───── DATA TO USE ─────

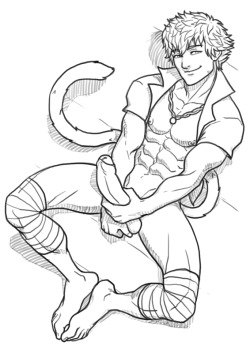 yummy-yaoi:  Sun Wukong from RWBY   by @xketchzoid 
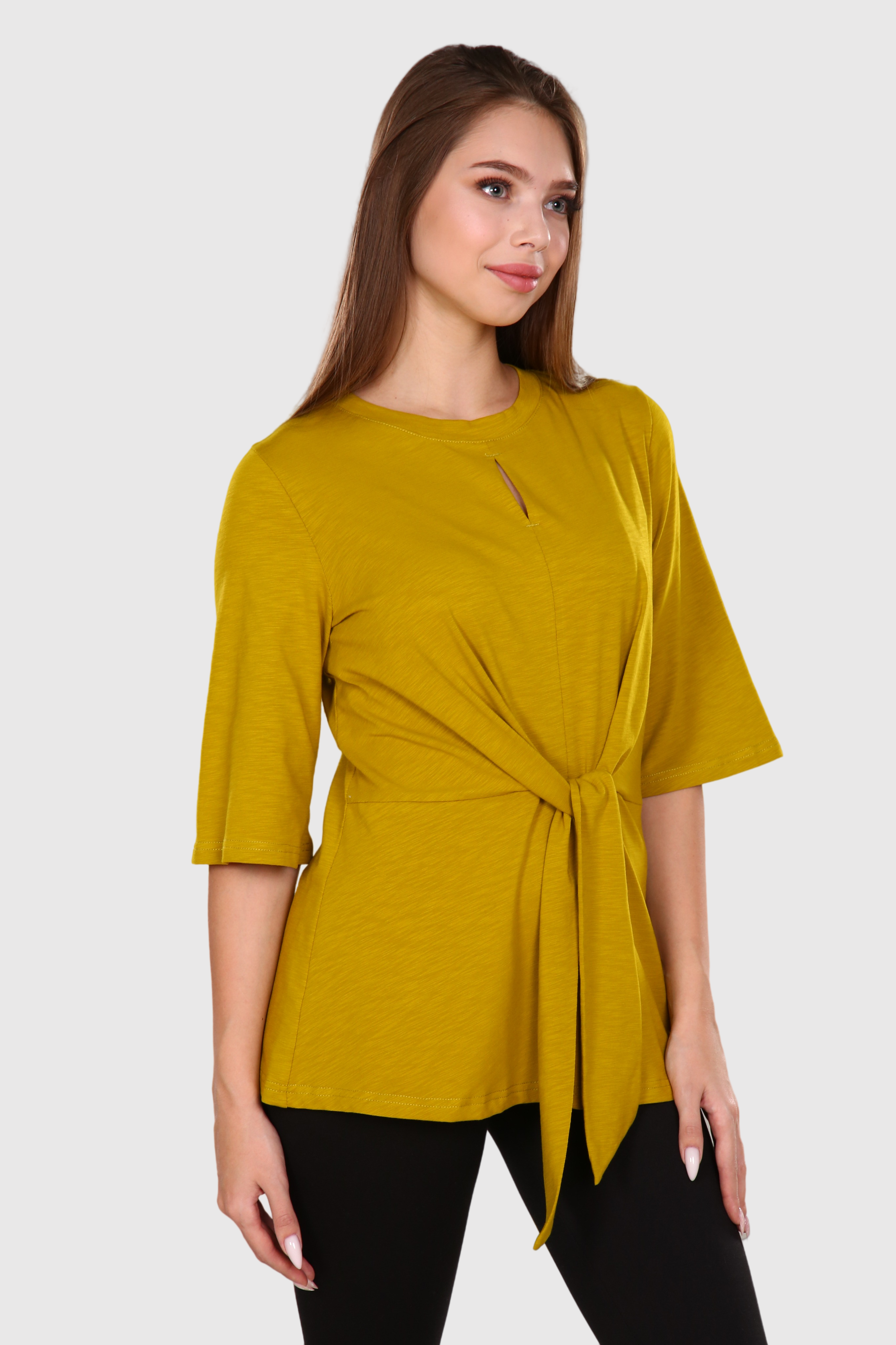 Канзас - футболка горчичный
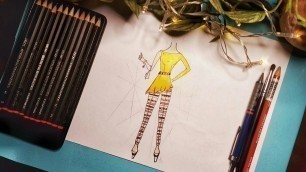 'How to Draw 9 Head Fashion Figure Drawing || Best illustration || Art&Drawing Studio'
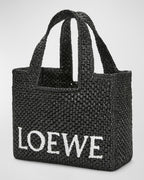LOEWE x Paula¡¯s Ibiza Font Tote Small Bag in Raffia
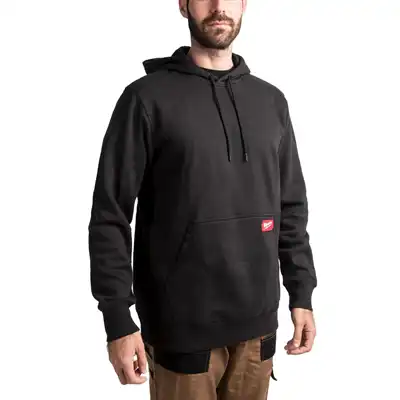 leichter Kapuzenpullover schwarz L, Milwaukee_2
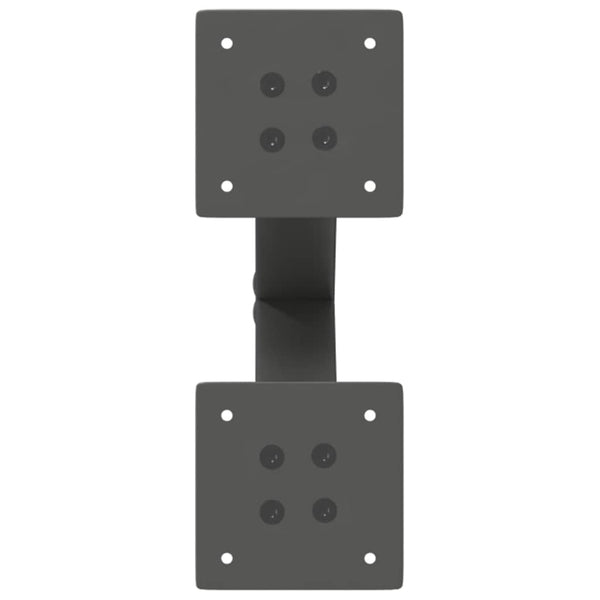 Antrasiitti sohvapöydän jalat x-muotoiset Pantil 38x(42-43)cm (2 kpl)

─────

→ AIM OF THE EXERCISE: The records above, minus their pictures, are to be returned word for word.

→ TASK SOLUTION:
 yummy-yaoi:  Sun Wukong from RWBY   by @xketchzoid 
 Канзас - футболка горчичный
 'How to Draw 9 Head Fashion Figure Drawing || Best illustration || Art&Drawing Studio'
LOEWE x Paula¡¯s Ibiza Font Tote Small Bag in Raffia
 leichter Kapuzenpullover schwarz L, Milwaukee_2
 Antrasiitti sohvapöydän jalat x-muotoiset Pantil 38x(42-43)cm (2 kpl)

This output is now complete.